▶ **Task directions**: As soon as the line containing "Red white blue" appears in the material below, start returning lines exactly, and end with the line containing "Dog stubbornly refusing".

▶ **Data extract**:
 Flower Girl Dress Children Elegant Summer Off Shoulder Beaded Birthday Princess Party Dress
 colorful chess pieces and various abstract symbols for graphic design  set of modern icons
* * *
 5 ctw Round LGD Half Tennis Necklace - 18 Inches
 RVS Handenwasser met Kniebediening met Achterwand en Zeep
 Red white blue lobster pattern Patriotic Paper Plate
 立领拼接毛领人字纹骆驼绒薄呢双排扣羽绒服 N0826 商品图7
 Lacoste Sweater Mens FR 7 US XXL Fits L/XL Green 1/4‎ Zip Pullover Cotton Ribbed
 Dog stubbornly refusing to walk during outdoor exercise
---
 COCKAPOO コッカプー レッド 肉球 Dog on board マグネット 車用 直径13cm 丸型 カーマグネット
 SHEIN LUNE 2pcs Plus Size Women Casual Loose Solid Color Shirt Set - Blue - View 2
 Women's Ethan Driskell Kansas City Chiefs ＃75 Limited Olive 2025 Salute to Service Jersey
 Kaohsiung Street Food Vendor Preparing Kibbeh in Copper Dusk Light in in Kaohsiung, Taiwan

▶ **Answer to this task**:
 Red white blue lobster pattern Patriotic Paper Plate
 立领拼接毛领人字纹骆驼绒薄呢双排扣羽绒服 N0826 商品图7
 Lacoste Sweater Mens FR 7 US XXL Fits L/XL Green 1/4‎ Zip Pullover Cotton Ribbed
 Dog stubbornly refusing to walk during outdoor exercise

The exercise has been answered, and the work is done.